### Exercise prompt
Retype only the lines at the head of the records, first through the one with "Image de Baia Bianca Apartments Sardinia", exactly as written.

(Web page caption snippets)
________

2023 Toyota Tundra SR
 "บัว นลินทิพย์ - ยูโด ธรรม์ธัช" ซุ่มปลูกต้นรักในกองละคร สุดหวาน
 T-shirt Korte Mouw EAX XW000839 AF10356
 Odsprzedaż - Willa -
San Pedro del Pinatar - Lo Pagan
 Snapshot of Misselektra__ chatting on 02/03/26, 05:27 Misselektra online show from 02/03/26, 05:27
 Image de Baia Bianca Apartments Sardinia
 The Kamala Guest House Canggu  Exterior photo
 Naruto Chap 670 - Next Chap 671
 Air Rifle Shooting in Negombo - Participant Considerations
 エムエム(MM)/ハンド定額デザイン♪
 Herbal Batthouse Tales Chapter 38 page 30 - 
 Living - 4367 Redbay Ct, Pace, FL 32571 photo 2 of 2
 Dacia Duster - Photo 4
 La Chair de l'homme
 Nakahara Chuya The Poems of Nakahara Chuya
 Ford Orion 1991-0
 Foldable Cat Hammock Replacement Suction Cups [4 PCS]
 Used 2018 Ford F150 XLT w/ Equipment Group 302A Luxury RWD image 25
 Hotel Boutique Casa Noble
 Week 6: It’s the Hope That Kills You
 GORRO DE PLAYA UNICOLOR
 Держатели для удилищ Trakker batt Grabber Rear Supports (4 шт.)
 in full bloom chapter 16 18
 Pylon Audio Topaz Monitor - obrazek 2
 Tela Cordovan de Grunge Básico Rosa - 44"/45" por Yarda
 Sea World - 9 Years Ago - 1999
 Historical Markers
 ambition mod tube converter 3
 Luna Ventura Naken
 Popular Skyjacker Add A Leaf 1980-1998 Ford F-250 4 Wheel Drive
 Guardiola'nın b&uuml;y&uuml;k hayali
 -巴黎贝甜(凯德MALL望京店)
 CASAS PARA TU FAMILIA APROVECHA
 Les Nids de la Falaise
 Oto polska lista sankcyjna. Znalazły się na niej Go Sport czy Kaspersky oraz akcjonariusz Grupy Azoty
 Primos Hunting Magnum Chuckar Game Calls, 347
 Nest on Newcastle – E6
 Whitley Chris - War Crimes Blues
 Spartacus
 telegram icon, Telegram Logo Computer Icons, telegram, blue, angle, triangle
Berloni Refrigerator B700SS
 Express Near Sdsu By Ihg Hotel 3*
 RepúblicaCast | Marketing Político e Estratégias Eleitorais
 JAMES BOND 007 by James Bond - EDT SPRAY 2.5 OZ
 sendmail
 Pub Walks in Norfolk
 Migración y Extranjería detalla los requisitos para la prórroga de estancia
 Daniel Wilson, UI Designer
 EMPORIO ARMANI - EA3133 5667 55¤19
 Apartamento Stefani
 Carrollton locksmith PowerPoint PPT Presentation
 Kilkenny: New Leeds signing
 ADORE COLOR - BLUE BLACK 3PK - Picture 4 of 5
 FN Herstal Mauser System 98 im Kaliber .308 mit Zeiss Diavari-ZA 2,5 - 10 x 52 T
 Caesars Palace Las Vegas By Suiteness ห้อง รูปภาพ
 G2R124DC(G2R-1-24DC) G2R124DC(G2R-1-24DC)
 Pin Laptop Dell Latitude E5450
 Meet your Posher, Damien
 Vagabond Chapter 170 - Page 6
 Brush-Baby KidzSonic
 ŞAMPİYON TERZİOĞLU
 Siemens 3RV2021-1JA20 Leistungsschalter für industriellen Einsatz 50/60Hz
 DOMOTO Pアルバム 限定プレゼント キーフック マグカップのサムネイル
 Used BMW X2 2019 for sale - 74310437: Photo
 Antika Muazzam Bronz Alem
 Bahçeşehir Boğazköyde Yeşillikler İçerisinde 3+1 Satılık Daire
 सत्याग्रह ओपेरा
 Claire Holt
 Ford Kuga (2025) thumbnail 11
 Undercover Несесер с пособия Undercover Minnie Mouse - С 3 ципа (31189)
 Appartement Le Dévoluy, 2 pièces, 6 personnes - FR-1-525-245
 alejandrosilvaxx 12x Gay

________

### Answer area
2023 Toyota Tundra SR
 "บัว นลินทิพย์ - ยูโด ธรรม์ธัช" ซุ่มปลูกต้นรักในกองละคร สุดหวาน
 T-shirt Korte Mouw EAX XW000839 AF10356
 Odsprzedaż - Willa -
San Pedro del Pinatar - Lo Pagan
 Snapshot of Misselektra__ chatting on 02/03/26, 05:27 Misselektra online show from 02/03/26, 05:27
 Image de Baia Bianca Apartments Sardinia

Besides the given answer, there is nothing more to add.